What was this case about?

This case illustrates the complications that can arise when the parties to a contract prepare the contractual document themselves, without any legal training, in a language other than English; leading to disputes over the English translation of the contract and its intended effect, as properly construed.

Ultimately, the plaintiff’s claim did not turn on a point of translation. Rather, the key issue for the courts to determine, at first instance and then on appeal, was whether to give the parties’ choice of words their literal meaning or a different legal effect based on the broader context and business objectives of the contract as a whole.

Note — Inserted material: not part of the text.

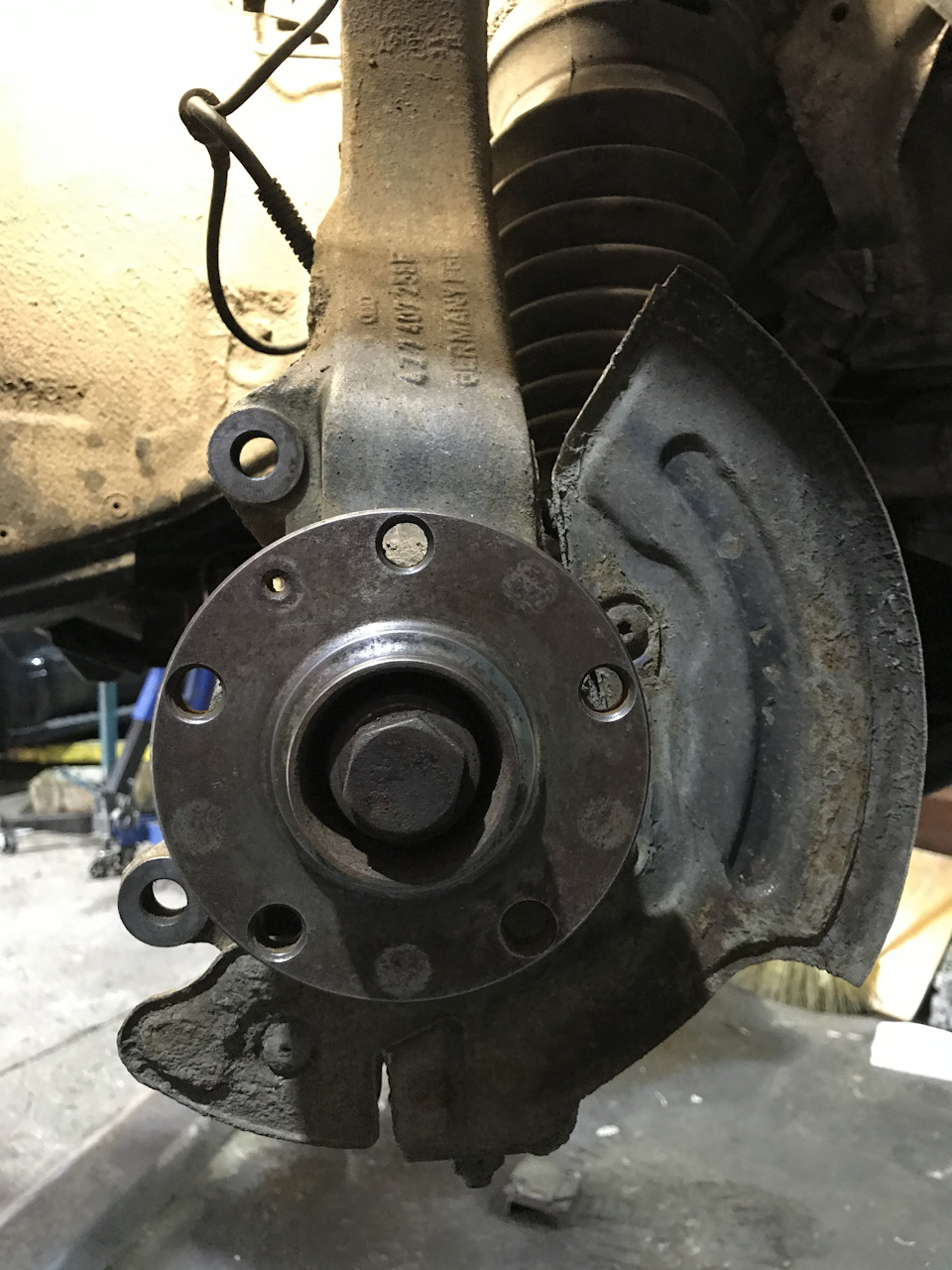 Суппорт долой и диск — Audi Allroad (C5)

In a two-to-one majority decision, consistent with recent judgments in the High Court that stress the importance of context, the Court of Appeal upheld the primary judge’s decision to favour a legal effect that departed from the literal meaning of the contract, notwithstanding such an interpretation was ‘somewhat strained’. However, the minority opinion of Brereton JA sought to emphasise the primacy of the words chosen by the parties in determining a contract’s legal effect.

What happened?

Mr Guangyi Sui (Sui) was a Chinese businessman pursuing investment opportunities in Australia as a requirement of his visa. Sui met Mr Zhaoquing Jiang (Jiang), a fellow businessman and prominent member of the Australian Dongbei Chinese Association. Together Sui and Jiang met with representatives of the Northern Territory Government to discuss a potential investment in two particular plots of land in the Northern Territory, each being 10 square kilometres (Land), to grow Chinese herbs.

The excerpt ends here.